The set buzzed around us—grips adjusting lights, assistants shouting about schedules, the marsh glittering like it was laughing at us all. Lexi’s entourage rejoined her, fussing with her hair, her dress, her everything. She waved them off again, herpatience thin, and I caught a glimpse of that storm inside her, the one that had hit me last night.

Noah was waiting near the trailers, his expression unreadable. “You good?” he asked, low enough that only I could hear.

“Peachy,” I said, my voice dry.

He grinned, like he knew exactly what I was feeling. “Welcome to Charleston,” he said, clapping my shoulder. “It only gets weirder from here.”

I didn’t doubt it. Lexi glanced back at me, her eyes catching mine for a split second before she disappeared into the trailer. My blood hummed, my instincts screaming that this wasn’t just a job. It was a trap, a challenge, a fucking siren’s call, and I was already too deep to walk away.

What the hell did I just get into?

9

LEXI

He stood by the monitors, arms crossed, eyes hidden behind sunglasses.

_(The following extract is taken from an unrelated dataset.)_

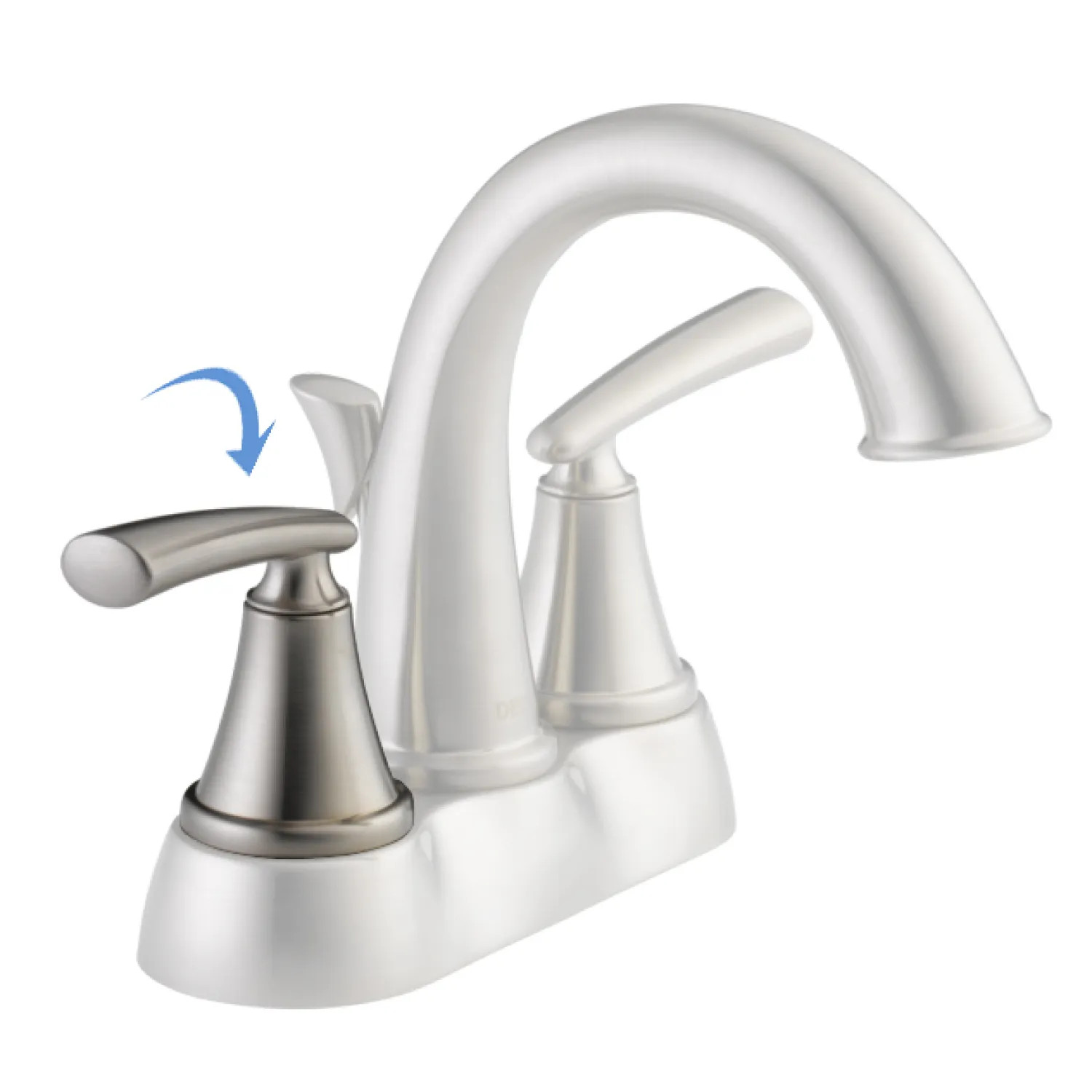 Delta RP76884SS Delta RP76884SS Lever Handle Assembly, Stainless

Everything about him radiated control—the kind that didn’t need to announce itself. The cut of his T-shirt stretched over a chest built for impact, not aesthetics. His forearms, tanned and roped with muscle, flexed every time his hand shifted against his bicep. Even still, he looked coiled, like something forged rather than born. That calm, unbothered stance was its own kind of arrogance.

He didn’t fidget. Didn’t check his phone. Didn’t pretend to make small talk with the crew. He just was—a wall of quiet, masculine authority in a sea of chaos. The kind of man who could walk into a riot and lower the volume just by breathing.

It worked.

Lucas.

I didn’t say his name out loud. I didn’t even look directly at him for the first hour, though I felt him—his attention like a heat signature tracing every step I took.

No one else knew. Not Hannah. Not Carrie. Not Franklin.

And that was delicious.

I kept my expression professional, breezy even, as the crew reset the shot for the third time. But inside, my pulse was a traitor, drumming an uneven rhythm that had nothing to do with caffeine.

He’d saved me last night.

Now he was my bodyguard.

Some people might’ve found that humiliating.

I found it … electrifying.

“Let’s take it again from the dock,” Franklin called, snapping his fingers. “Benji, hit the timing tighter. Lexi, more vulnerability. You’re still a little too in control.”

If only he knew.

Benji gave me a sympathetic smile as he joined me at the mark. “You okay?”

“Always.”

He smirked. “Liar.”

Everyone always asked me that—you okay?—like I gave off some invisible signal that said otherwise. Maybe I did. Maybe that was what fame really was: a permanent projection of unease.

I knew Benji meant well—he was one of the good ones, sweet and steady in a business built on ego—but still, the question made me want to scream. What did they see when they looked at me? A woman holding it together, or one seconds from falling apart?